They're shit

They're shit.

They cum on their instruments to lubrificate them and to let them nice before recording a song.

they are mtf lesbians

And already have three platinum records.

Herbie Hancock plays all the instruments fluently and writes all the songs.

lead singer is a polygot and keeps switching between various languages mid song

this thread would be better if only dubs were true

One commits suicide in his prime, another is assassinated, the third drowns, the fourth one who nobody cares about still plays.

They're so shit that they are ironically good again

debut was 10/10 according to scaruffi
all albums after that were

the band exclusively makes music for theme park haunted houses

>band has 4 guitarists
>6 bassists
>3 drummers
>2 custom percussionists
>2 turntablists
>1 synth player
>3 samplers
>5 vocalists
>1 xylophonist
>2 cello players
>4 drum machines
>one of the guitarists plays leads
>two of the guitarists fuck around with pedals and do atmospheric licks
>one of the guitarists plays dudebro djent chugging and smashes his guitar against a gong when he isn't required
>one of the bassists pretends he's a guitarist and does rhythm
>two of the bassists play slap
>one of the bassists plays slap but tuned a bit differently than the others
>one of the bassists plays normal basslines for backing sound
>the last bassist hooks his bass up to a computer that triggers midi basslines
>two of the drummers use a normal setup
>one of the drummers uses v-drums
>one of the percussionists has an array of custom triangles dangling around an office chair that make unique sounds when he hits them with a mallet
>the other bangs trash cans
>samplers sample the band's in house turntable scratching and give it back to the turntablists to chop and screw further who then give it back to the samplers to make microtonal harsh noise loops with
>synth guy doesn't actually know what he's doing and hits the randomize button in fl studio until it kinda works
>only one of the vocalists actually sings, the others do a choir-like array of chanting, screaming, shrieking and spoken word that usually sits in the background but comes forefront in the mix sometimes
>xylophonist dresses up like a skeleton and never removes mask. always interchangeably plays notes on two xylophones at once, one of which is modified to sound more percussive and atonal like thunder.
>one of the cellists plays it symphonically, the other is his autistic daughter who has no interest in music and plays abrasively
>the drum machines are at least 50 feet away from each other and play randomly generated kick drums at varying BPM which echo throughout the warehouse where the band lives and performs

they have 7 piccoloboe players

The singer is Christian tranny

I agree. We should remake it.

so far we have described Current 93

lead singer can only count to 23

they bob dylan will die this month

1

>they are 4
>three theremin player
>one guy just press a button that plays a shitty drum loop on a casio keyboard

And for him every number between 1 and 20 is 7.

...

This

Idk why but I kek'd so much

bjork occasionally visits the band in the studio and they run a train on her
they record it and sample it on their albums

They all exclusively use arch linux but never for any actual computing purposes, just ricing.

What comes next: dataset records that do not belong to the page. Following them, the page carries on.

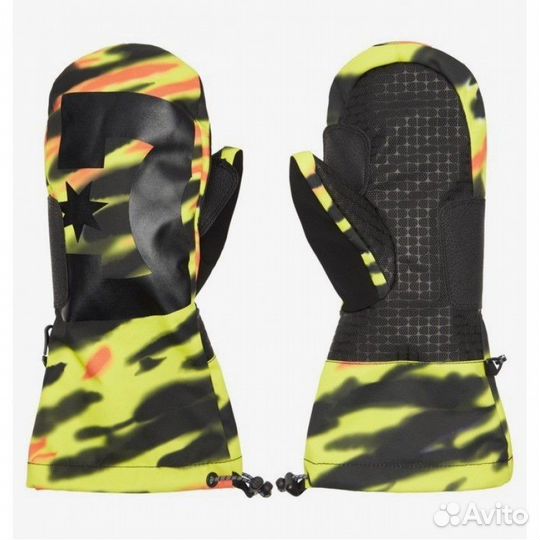 Варежки DC Headline xkyn Angled TIE DYE M, XL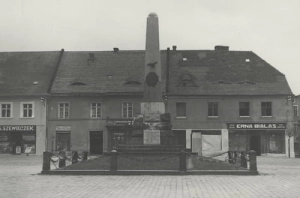 Pszczyna Rynek - Reprodukcja 15449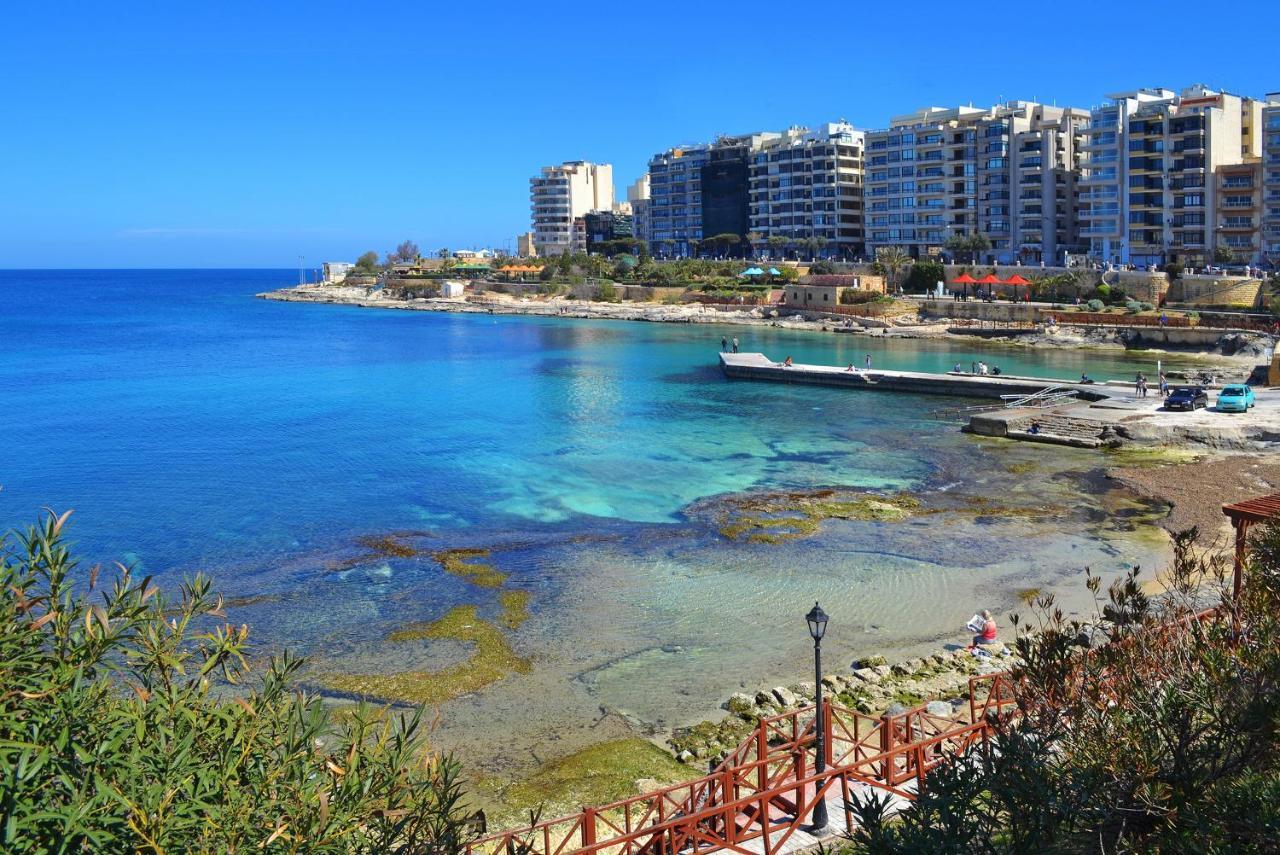 Modern 1Br Apartment, Central Location Sliema Buitenkant foto
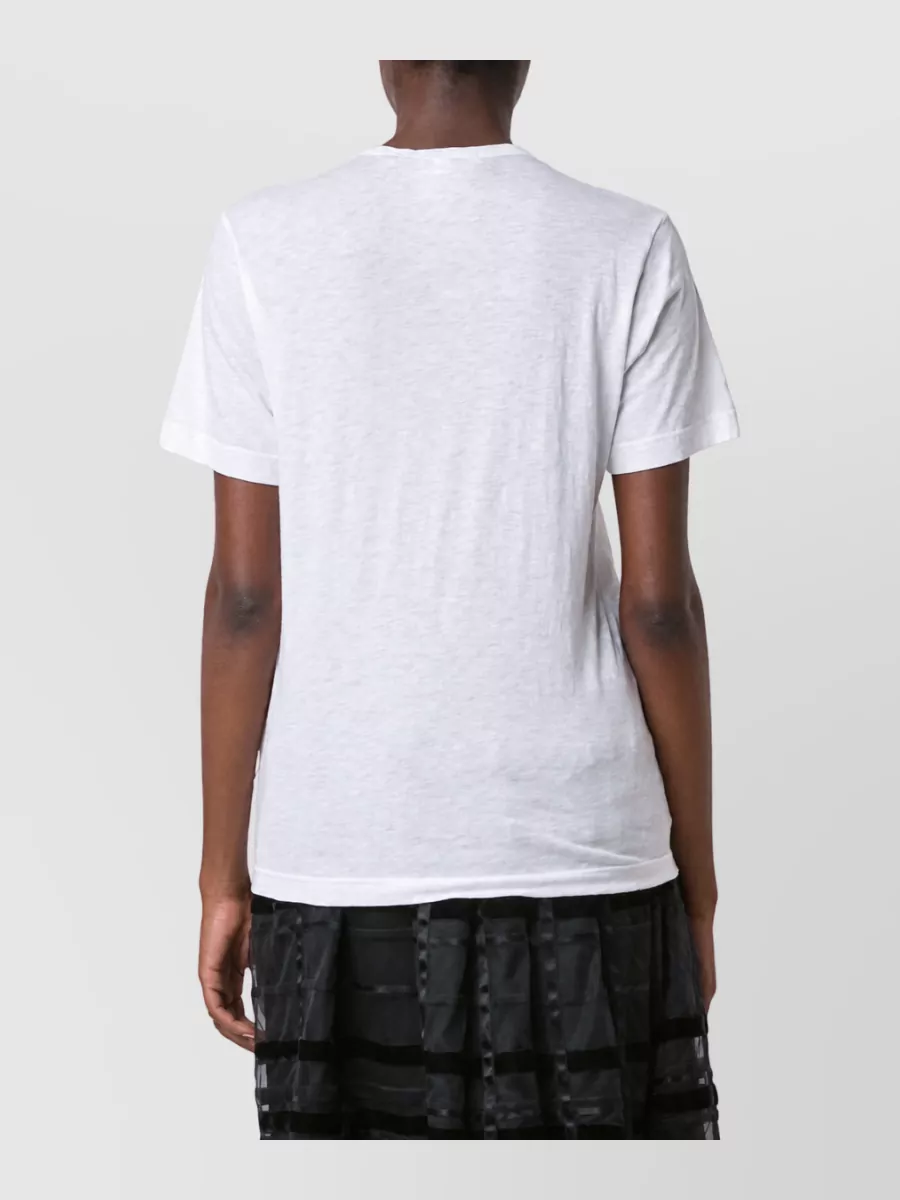 Comme Des Garçons Cotton T-Shirt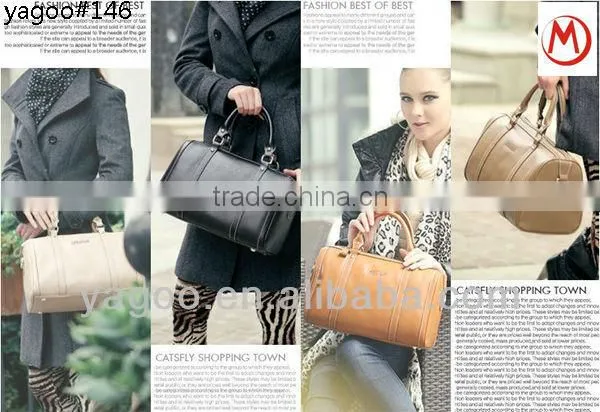 new arrival European style high quality pu lady street tote bag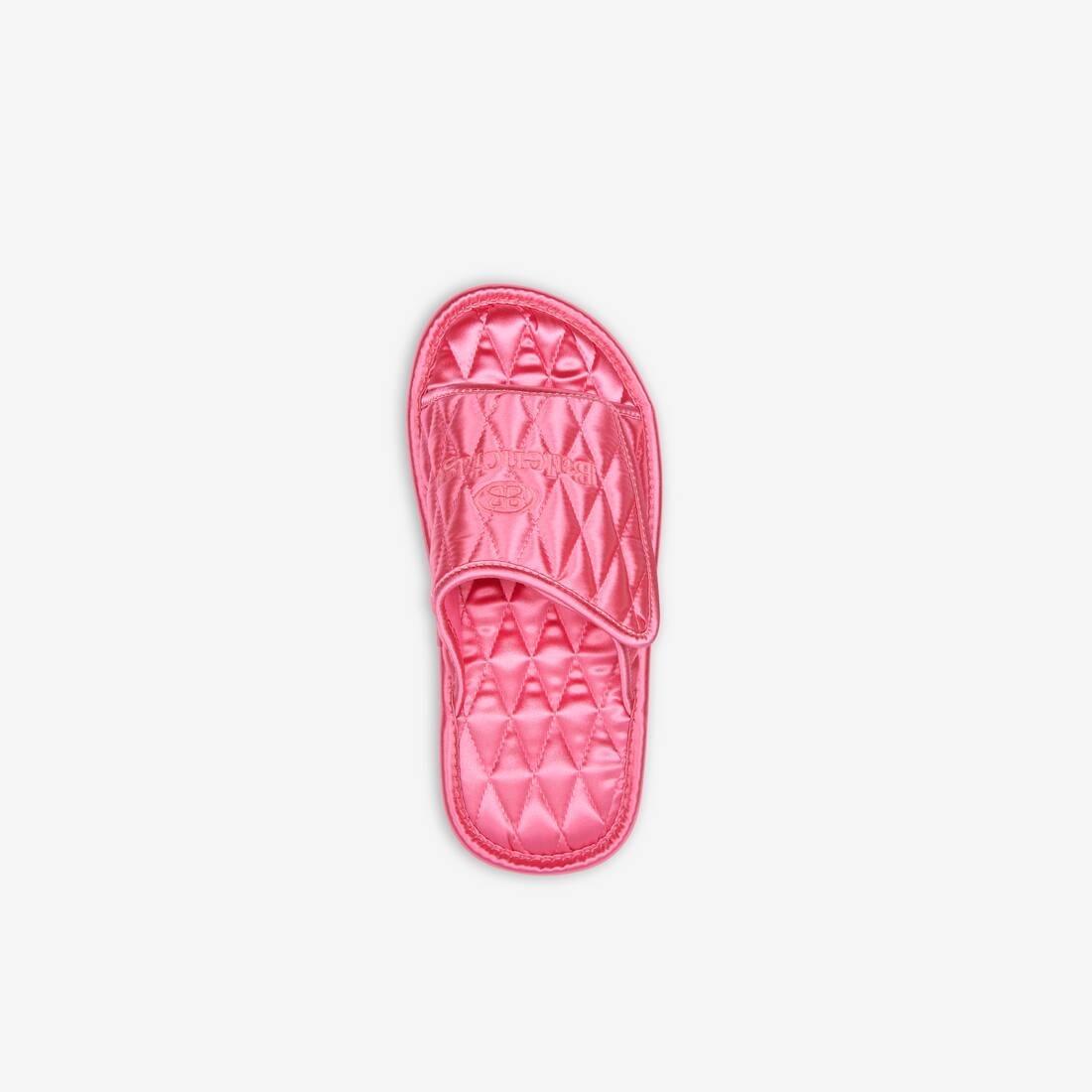 Women's Home Slide Sandal in Fluo Pink - 5
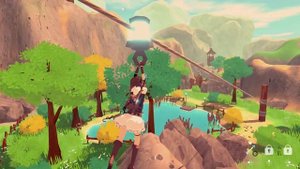 Cynthia Hidden in the Moonshadow геймплей начало прохождение обзор приключение русификатор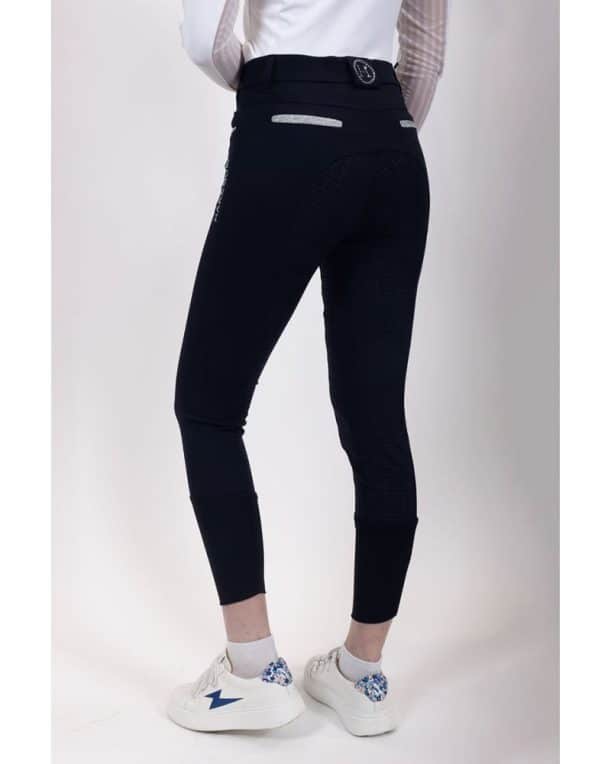 Pantalon harcour Boogie Women con asiento completo (Azul marino) - Imagen 4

And they all circlejerk about the superiority of free software while secretly dual-booting windows

doyouexpectmetoreadallthatshit.png

They're a rap group that only samples obscure Christian thrift store vinyl.

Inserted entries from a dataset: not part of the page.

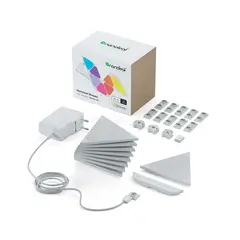 NANOLEAF - Shapes Mini Triangles Starter Kit - Pack de 9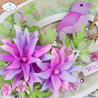 Elizabeth Craft Designs Bloom Wildly Dies Columbine (2377) Elizabeth Craft Designs Bloom Wildly Dies Columbine (2377)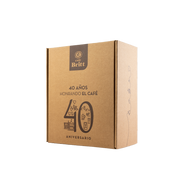 Caja de Regalo Grande Edición 40 Aniversario Café Britt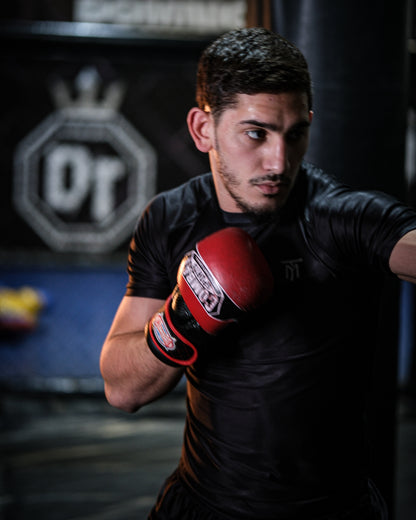 ONE MISSION VICTORY SET + TRAINING LEGGINGS 3/4 BLACK PACK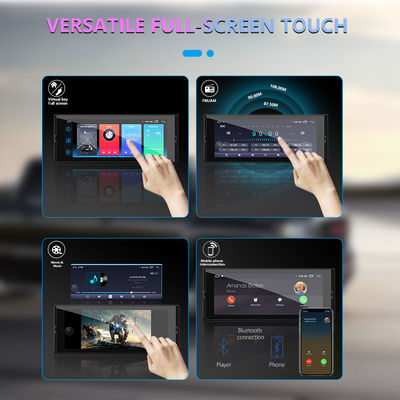 Android OS Android 10 MP5 Player 6.86 IPS Touch Screen GPS Wifi Fotocamera posteriore Auto DVD Radio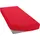 Spannbettlaken Mikrofaser-Jersey 200 x 200 cm rot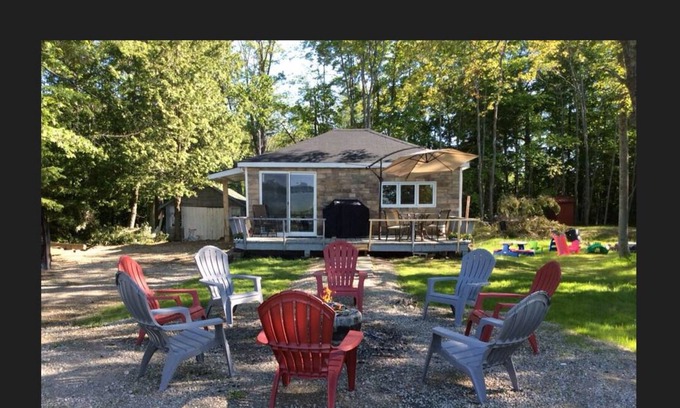 Manitoulin District Cottage | 2 cottages on One Lot with amazing lake view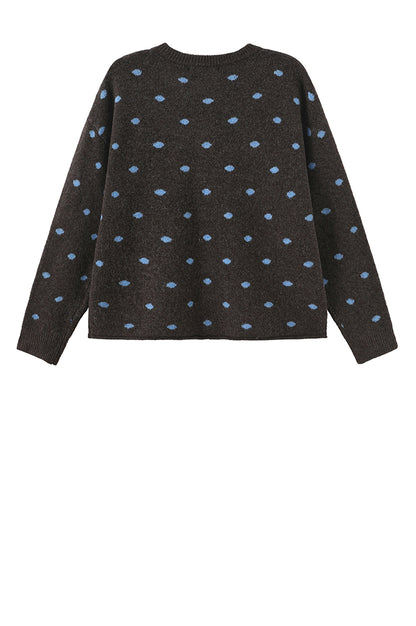 Luxzuz One Two - Zanny Knit Choco Lux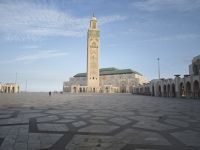 Moschee Hassan II in Casablanca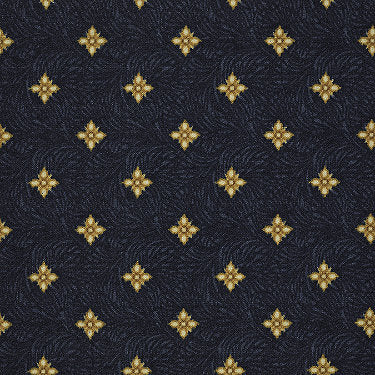 Feather Tail Commercial Carpet by Philadelphia Commercial in the color Pheasant. Sample of blues carpet pattern and texture.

every album is advertised as a "return to their roots," even their debut

each member knows how high the sky really is

The band is comprised of 4 men with tiny dongs and 1 really cute girl who they all orbit but she fuck chats she meets at the concerts every single night while they all 4 sit around chain smoking menthols

When producer and Jazz legend Quincy Jones first heard them, he claimed "They were the worst musicians in the world."

This

The band made music straight, white and male once again. There are rumours circulating the internet that their first album has cured feminism from women.

That means dubs are true, because this was dubs.

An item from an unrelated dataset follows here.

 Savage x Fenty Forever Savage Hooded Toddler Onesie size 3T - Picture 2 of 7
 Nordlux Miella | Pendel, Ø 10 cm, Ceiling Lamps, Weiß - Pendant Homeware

they have a patreon that only the 1 percent have access to
>for 100k, the band will perform in the donors sweatshop. but can only leave after a 12 hour shift of stuffing radioactive iphone wires into designer clothes.

There live shows are the worst experience you'll ever have.

>16 people are in the band just to insult the other memebers.

the lead singer is actually three kids sitting on each other's shoulders wearing a big trench coat and a hat

Before they formed the band, the singer and guitarist bonded over a shared love of child pornography.